Dick drew out the sunglass and fingered it as one would a diamond of great size. Then he looked up. A brilliant sun was shining beyond white, misty clouds, but its rays came through them dim and weak. The mists or, rather, cloudy vapor might lift or thin, and in that chance lay the result of his fight for life. While he waited a little, he stamped up and down violently, and threw his arms about with energy. It did not have much effect. The wet, cold, the raw kind that goes through, was in him and, despite all the power of his will, he shivered almost continually. But he persisted for a half hour and then became conscious of an increasing brightness about him. The white mist was not gone, but it was thinning greatly, and the rays of the sun fell on the snow brilliant and strong.

Dick took the dry stick again and scraped off particles of wood so fine that they were almost a power. He did not stop until he had a little heap more than an inch high. Meanwhile, the sun's rays, pouring through the whitish mist, continued to grow fuller and stronger.

Dick carefully polished the glass and held it at the right angle between the touchwood, that is, the scrapings, and the sun. The rays passing through the glass increased many times in power and struck directly upon the touchwood. Dick crouched over the wood in order to protect it from the wind, and watched, his breath constricted, while his life waited on the chance.

A minute, two minutes, three minutes, five passed and then a spark appeared in the touchwood, and following it came a tiny flame. Dick shouted with joy and shifted his body a little to put shavings on the touchwood. An ill wind struck the feeble blaze, which was not yet strong enough to stand fanning into greater life, and it went out, leaving a little black ash to mark where the touchwood had been.
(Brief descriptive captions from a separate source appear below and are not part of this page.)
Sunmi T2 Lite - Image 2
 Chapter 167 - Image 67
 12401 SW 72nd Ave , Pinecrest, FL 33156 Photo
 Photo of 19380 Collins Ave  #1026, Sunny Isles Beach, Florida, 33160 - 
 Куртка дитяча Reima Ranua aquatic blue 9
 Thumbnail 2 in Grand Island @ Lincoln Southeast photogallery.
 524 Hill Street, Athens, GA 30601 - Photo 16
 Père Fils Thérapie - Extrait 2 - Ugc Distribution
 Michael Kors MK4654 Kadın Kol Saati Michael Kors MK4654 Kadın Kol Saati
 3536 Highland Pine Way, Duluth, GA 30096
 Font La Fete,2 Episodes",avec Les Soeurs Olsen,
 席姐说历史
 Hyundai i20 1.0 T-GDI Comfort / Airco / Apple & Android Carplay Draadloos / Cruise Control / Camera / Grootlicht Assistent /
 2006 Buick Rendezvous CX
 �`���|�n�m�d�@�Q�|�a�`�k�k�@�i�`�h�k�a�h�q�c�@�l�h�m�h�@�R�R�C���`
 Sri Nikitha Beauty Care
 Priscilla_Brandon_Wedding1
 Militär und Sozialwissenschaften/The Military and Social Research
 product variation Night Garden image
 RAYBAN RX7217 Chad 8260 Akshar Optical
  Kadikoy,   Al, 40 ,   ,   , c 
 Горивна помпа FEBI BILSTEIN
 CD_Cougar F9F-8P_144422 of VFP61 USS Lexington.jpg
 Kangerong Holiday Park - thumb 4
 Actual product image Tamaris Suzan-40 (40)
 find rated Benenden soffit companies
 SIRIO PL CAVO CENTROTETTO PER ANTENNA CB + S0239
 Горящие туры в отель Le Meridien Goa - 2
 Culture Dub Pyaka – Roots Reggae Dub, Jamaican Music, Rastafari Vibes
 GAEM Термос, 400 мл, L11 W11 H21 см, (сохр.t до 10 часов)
Dick's nerves were so much overwrought that he cried aloud again, and now it was a cry of despair, not of joy. He looked at the little black ash as if his last chance were gone, but his despair did not last long. He seized the dry stick again and scraped off another little pile of touchwood. Once more the sunglass and once more the dreadful waiting, now longer than five minutes and nearer ten, while Dick waited in terrible fear, lest the sun itself should fail him, and go behind impenetrable clouds.